LAS VEGAS – DTS is positioning its DTS:X object- based surround technology as a flexible alternative to Dolby Atmos.

DTS:X delivers an immersive effect “across the whole gamut of speaker configurations,” said Dave Casey, DTS’s senior director of product development. DTS:X is also more forgiving of speaker placement than other surround formats.

DTS “worked with manufacturers to make sure the first implementations include pre-selected [speaker] layouts which overlap with familiar layouts,” a spokesperson added. Familiar layouts include 5.1 layouts without height speakers. “We don’t require elevation speakers,” DTS chairman/CEO Jon Kirchner told TWICE. “We can render height virtually.” It will be the manufacturer’s decision, however, to support traditional 5.1-speaker layouts, he noted. Sound systems with 2.1 speakers are also supported.
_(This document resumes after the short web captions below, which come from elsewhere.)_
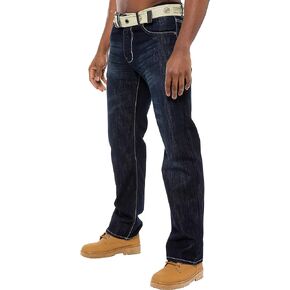 Enzo Mens Designer Jeans Loose Fit Free Belt Denim Pants Trousers All Waist Sizes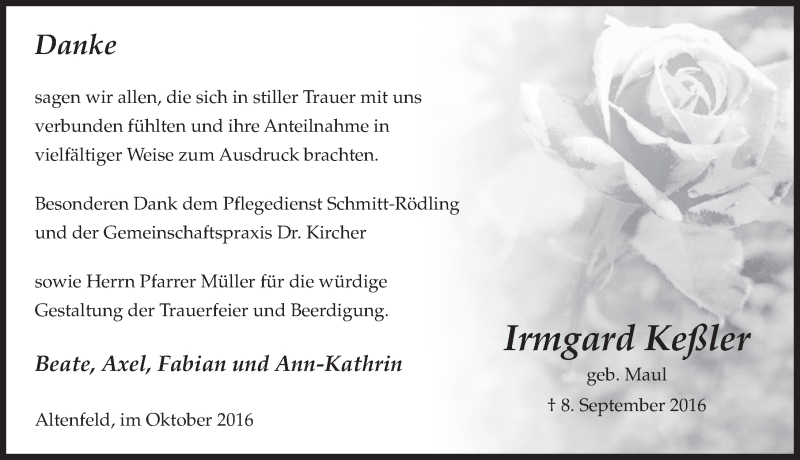  Traueranzeige für Irmgard Keßler vom 08.10.2016 aus 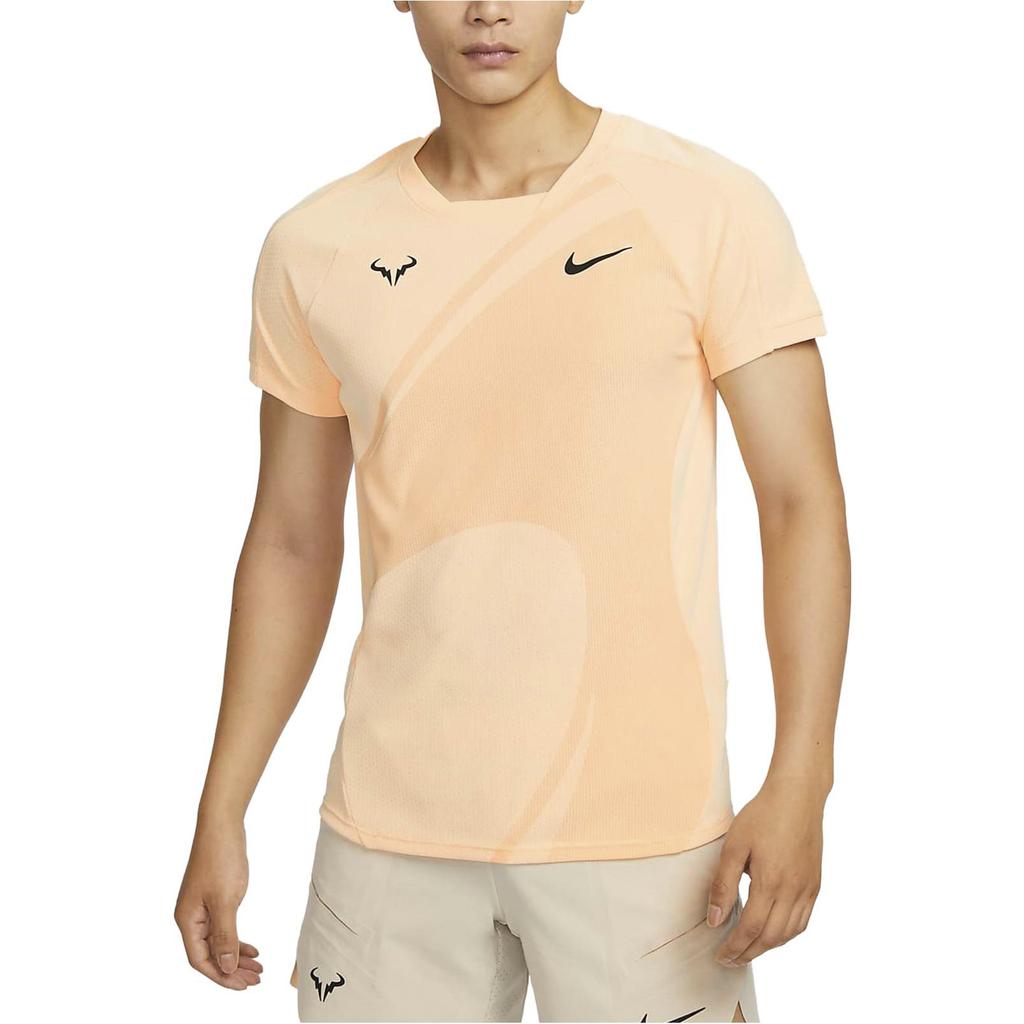 Nike Dri-Fit Adv Rafa Solid Quick-Dry Tennis Short Sleeve T-Shirt Men Tops Ice-Peach-Red DV2878-801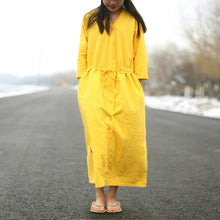 Load image into Gallery viewer, SOOMODA Button Long Sleeve Maxi Dresses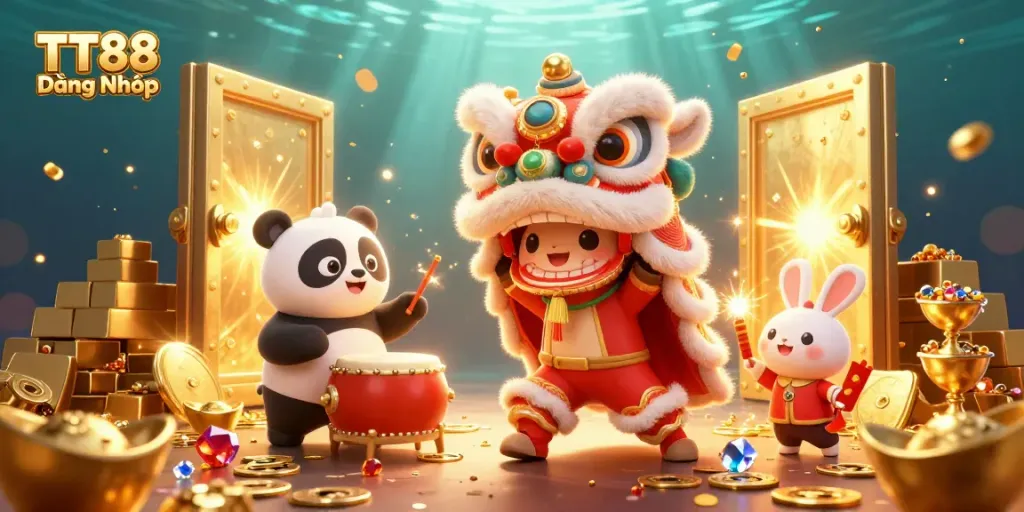 TT88 Đăng Nhập in a vibrant casino scene featuring a lion dance, treasure, gold bars, and festive decor.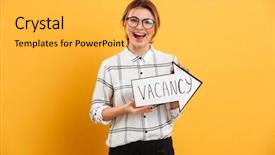  Presentation with pointer - Theme with word vacancy isolated over yellow background and a yellow colored foreground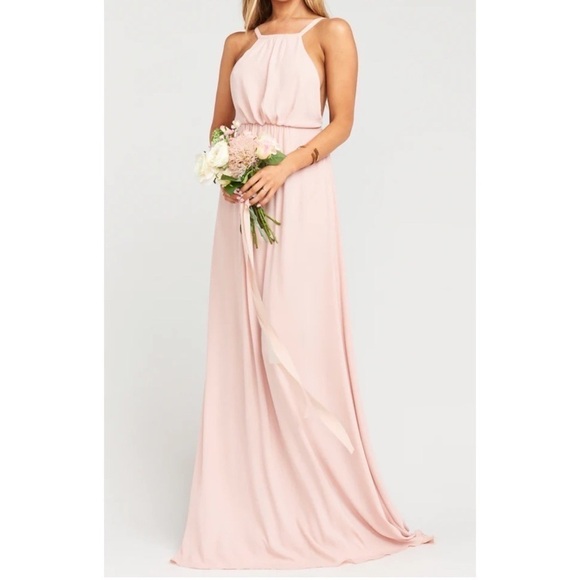 SHOW Me Your Mumu Amanda Maxi Dress in Dusty Blush Crisp Bridesmaid Size Medium - Picture 1 of 15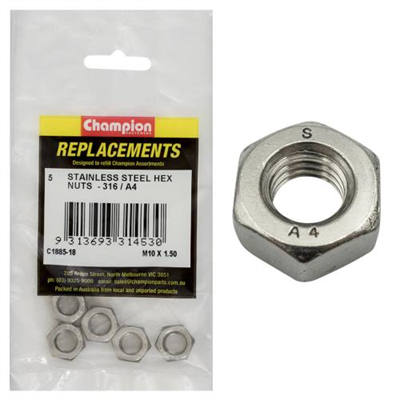 Champion M10 x 1.50 Hex Plain Nut -316/A4 -5pk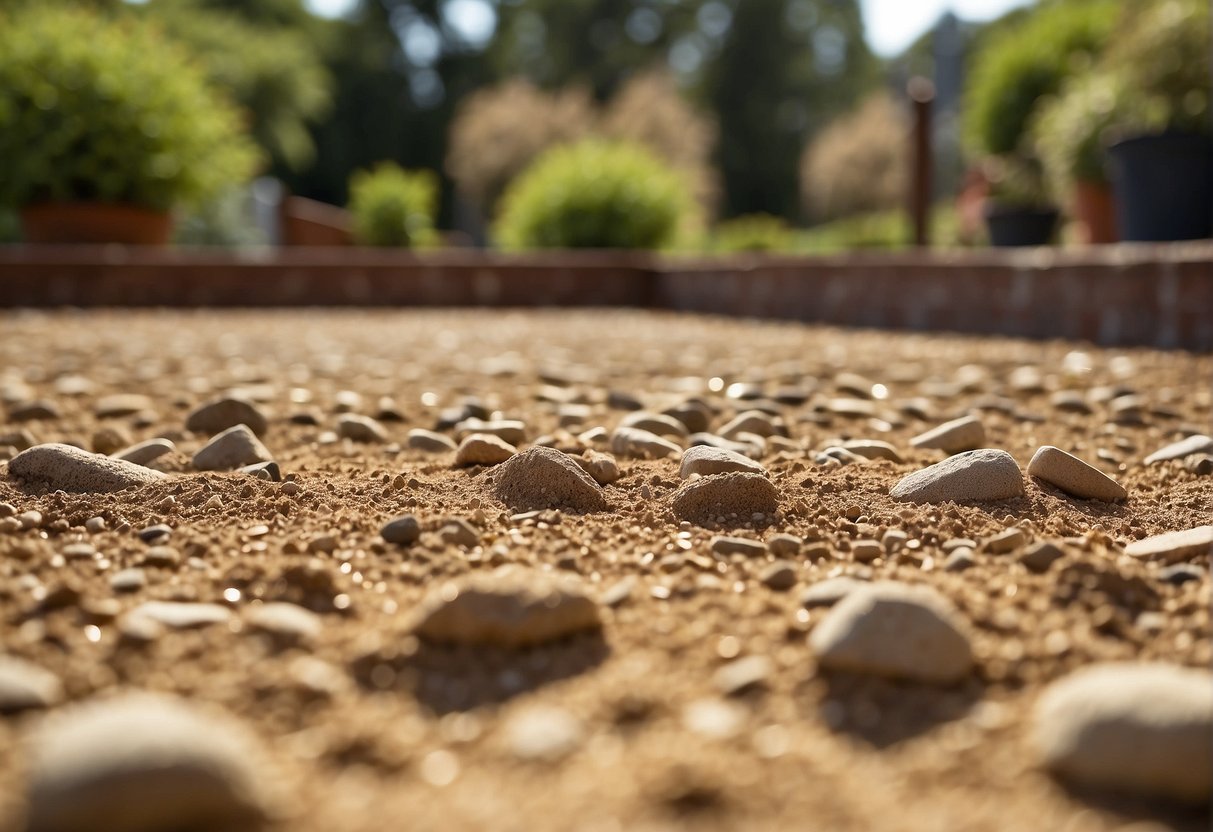 A level ground with sand and gravel, ready for brick paver installation, surrounded by outdoor greenery and landscaping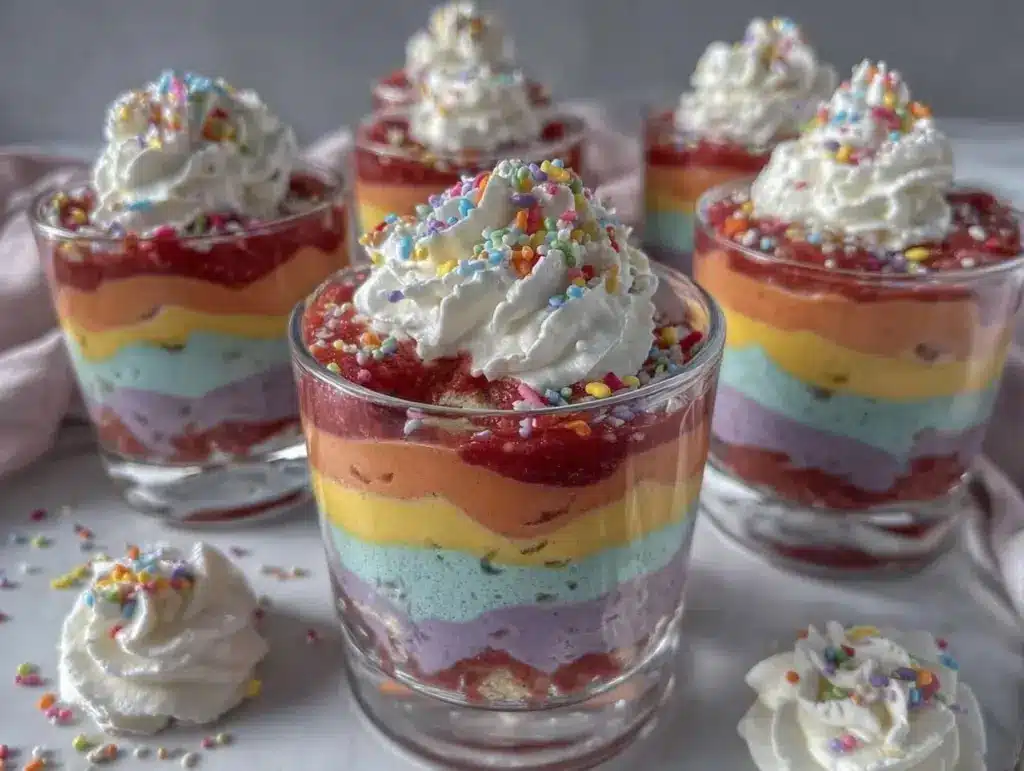 Creamy Dr. Seuss Rainbow Pudding Whirl Cups - featured image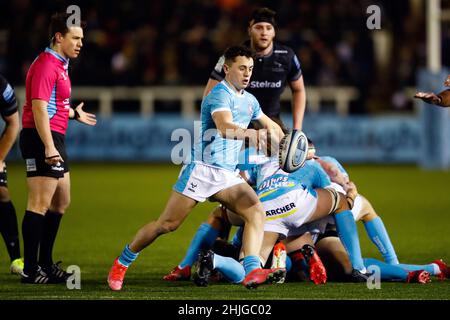 Charlie Chapman di Gloucester in azione durante la partita della Gallagher Premiership al Kingston Park, Newcastle upon Tyne. Data foto: Sabato 29 gennaio 2022. Foto Stock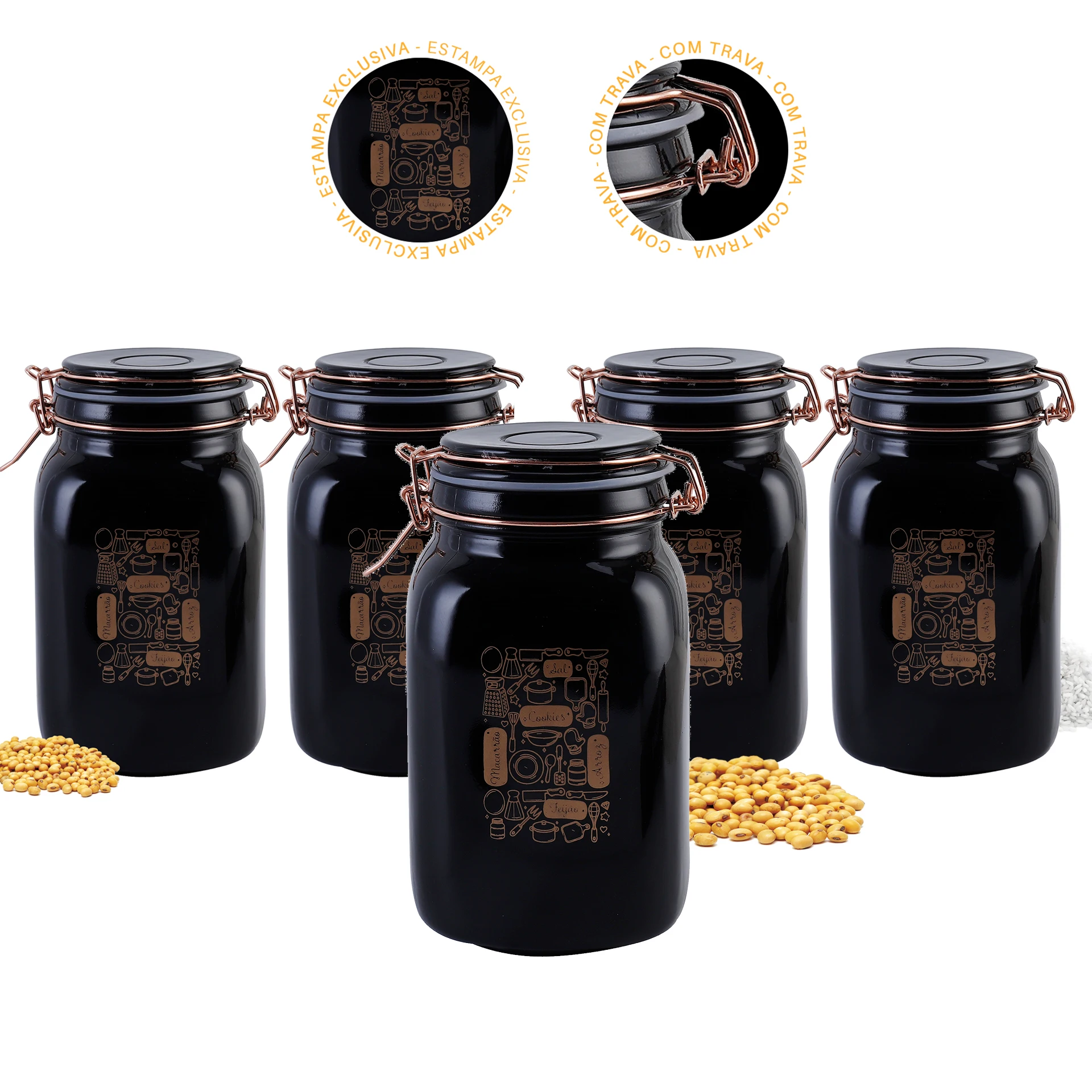 Potes Para Mantimentos De Vidro 2,2 Litros Kit C/5 - Dolce Home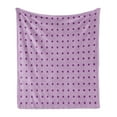 thumbnail image 1 of Mauve Soft Flannel Fleece Throw Blanket, Retro Polka Dots Background Nostalgic Feminine Girls Fashion Pattern, Cozy Plush for Indoor and Outdoor Use, 70" x 90", Plum Lilac, by Ambesonne, 1 of 5
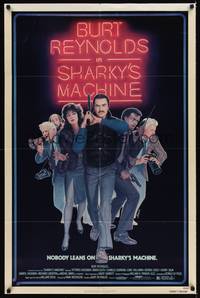 9p749 SHARKY'S MACHINE 1sh '81 Burt Reynolds, Vittorio Gassman, great Lettick neon sign image!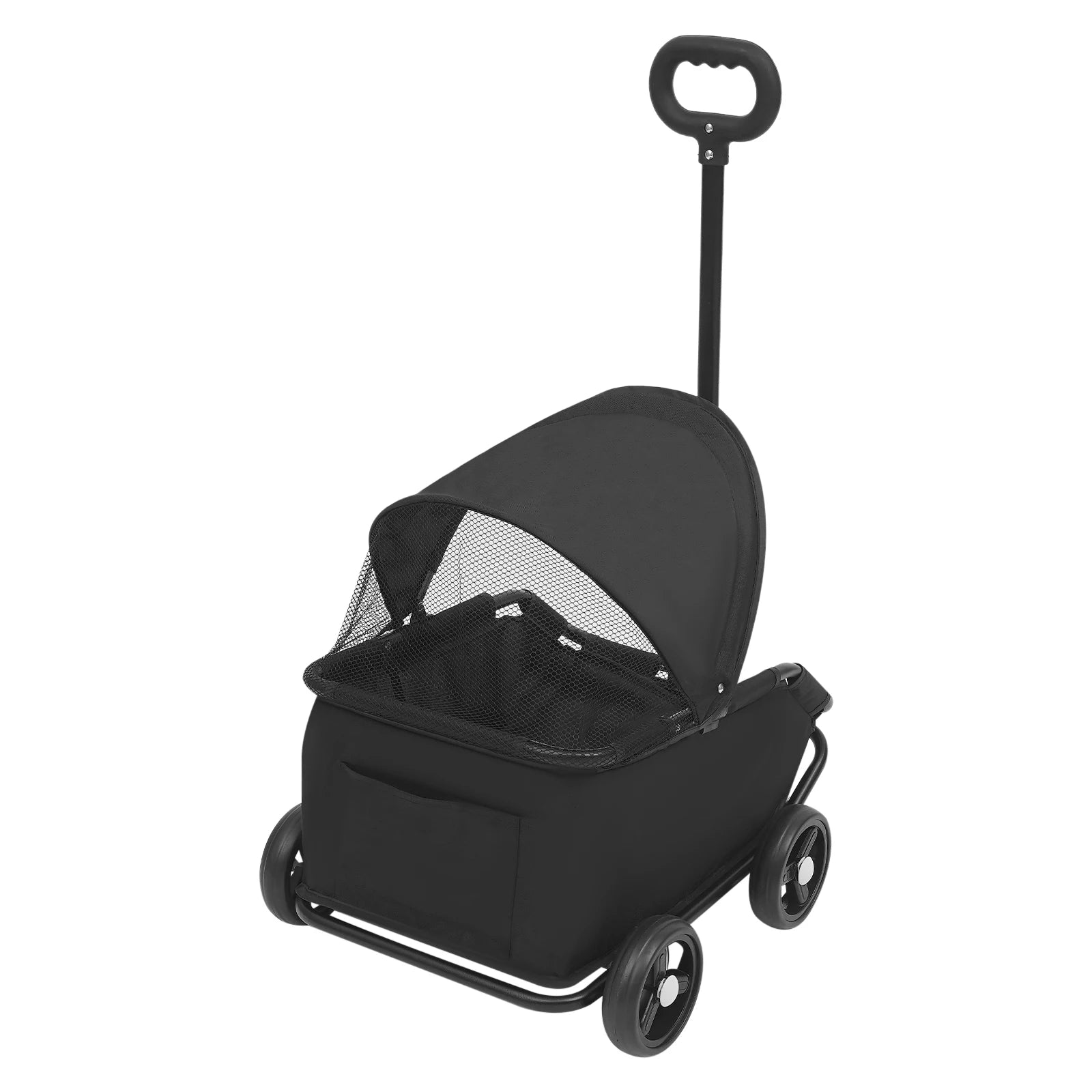 Black pet stroller on a white background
Although there are advantages to more and more speakers, he noted, “flexibility adds more value to the consumer.” Dolby, he said, “pushes upfiring speakers.”

Audio companies implementing the technology, however, initially won’t support “an infinite number of speaker configurations,” Kirchner said.

A DTS spokesperson confirmed that home-theater speaker configurations designed for playback of Dolby Atmos object-based soundtracks could be used to play back DTS:X soundtracks.

For its part, Dolby said that with Atmos, “to achieve an authentic three-dimensional sound space requires the addition of a layer of sound above the listener.” That “can be achieved with overhead speakers or Dolby Atmos-enabled speakers working in conjunction with listener-level speakers. Height information in an object-based audio format, however, cannot be accurately rendered from the addition of virtualization driving the primary listener level speakers.”

Dolby did say, however, that “Dolby Atmos-encoded content makes channel-based playback systems sound better,” although “there would be no independent audio objects present [if native Dolby Atmos content is decoded and played back through a traditional 5.1 or 7.1-speaker setup].” As a result, a bee won’t buzz closer to and farther from your head in the X axis, just around your head in the X axis.

During International CES, DTS staged a public demonstration of a 22.2-channel system with multiple overhead speakers and a 360-degree screen. The company also privately demonstrated a 7.4.1 system consisting of seven floorstanding speakers and four on-wall speakers mounted up high on the wall.

During the 7.1.4 demo, a bee buzzed around the room, seeming to get closer and farther away from the listener. In an underwater scene, waves seamlessly panned around listeners. When asked whether standard surround soundtracks could be upmixed to DTS:X, Casey would say only that “lots of good stuff is coming in March” when the company plans a formal launch.

Companies launching DTS:X electronics in 2015 consist of Anthem, Denon, Integra, Krell, Marantz, McIntosh, Onkyo, Outlaw Audio, Pioneer, Steinway Lyngdorf, Theta Digital, Trinnov Audio and Yamaha.